PU : Jack Valenti, directeur de MPAA, association des grandes majors d'Hollywood, a annoncé qu'au moins trois studios (Sony Pictures Entertainment, studios Disney..) proposeront ce service de vidéo à la demande (ou "pay-per-view") d'ici quatre à six mois ? des futurs concurrents ?

SD : Non. Pas directement car nous n'avons pas pour vocation de distribuer de gros films américains que l'on peut voir sur d'autres modes de distribution.

Par ailleurs, la plupart des studios américains ont déjà vendu l'exploitation de leurs films à venir. S'ils respectent les accords de pré-diffusion exclusifs, qu'ils ont déjà signés un peu partout dans le monde avec des chaînes de télévision, il me semble très peu probable qu'ils puisent diffuser des films très récents.

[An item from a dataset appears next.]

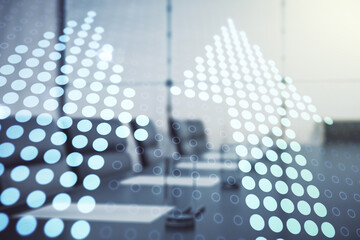 Double exposure of abstract virtual upward arrows hologram on a modern meeting room background. Ambition and challenge concept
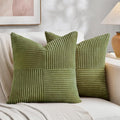 Fancy Homi 2 Packs Moss Green Decorative Throw Pillow Covers 16x16 Inch for Living Room Couch Bed, Rustic Farmhouse Boho Home Decor, Soft Corss Patchwork Corduroy Textured Square Cushion Case 40x40 cm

PU : Pensez-vous être concurrents de la distribution traditionnelle ?

SD : Non, parce que notre concept est de montrer des films que l'on ne peut pas voir en distribution classique (cinéma, vidéo, télévision). Nous avons une orientation de programmation alternative ou contre-programmation.

De toutes façons, nous avons pu voir dans le passé qu'aucun mode de distribution nouveau n'a fait mourir les modes de distribution qui existaient antérieurement. Ils viennent s'ajouter.

PU : Et de Vivendi-Universal via sa filiale Allocine par exemple ?

SD : Oui, mais comme il y a plusieurs chaînes de télévision, il y aura plusieurs diffuseurs. Ils ont les moyens et les atouts pour le faire, le tout est de le faire. Nous, c'est du concret.

PU : Comment voyez vous le marché de la vidéo à la demande ?

SD : Un marche assez large, mais un marché de niches, c'est à dire un marché très important en montant global mais sur des programmes qui apportent quelque chose de nouveau par rapport aux modes existants de distribution. Je ne le vois pas concurrent direct pour la distribution en salle, ni pour la télévision, peut être un peu plus pour la vidéo. Le système tel qu'il est organisé aujourd'hui est destiné à produire le maximum de recettes dans l'exploitation d'un film (la salle, la vidéo puis la télévision). Si Internet permet d'accroître les recettes sur le cinéma mondial, peut-être qu'il remontera dans la filière. Mais qu'Internet permette d'envisager des recettes au moins aussi importantes que la distribution en salle mettra beaucoup de temps, plus de 5 ans au moins.

PU : Quels seront vos développements futurs ?

SD : Diffuser des films de plus en plus attractifs à une échelle de plus en plus internationale avec des moyens plus importants de commercialisation de nos contenus en dehors de la France.
Aujourd'hui, nous sommes en mesure de nous intéresser au marché anglais, allemand et scandinave.

M. Stéphane Dottelonde, je vous remercie.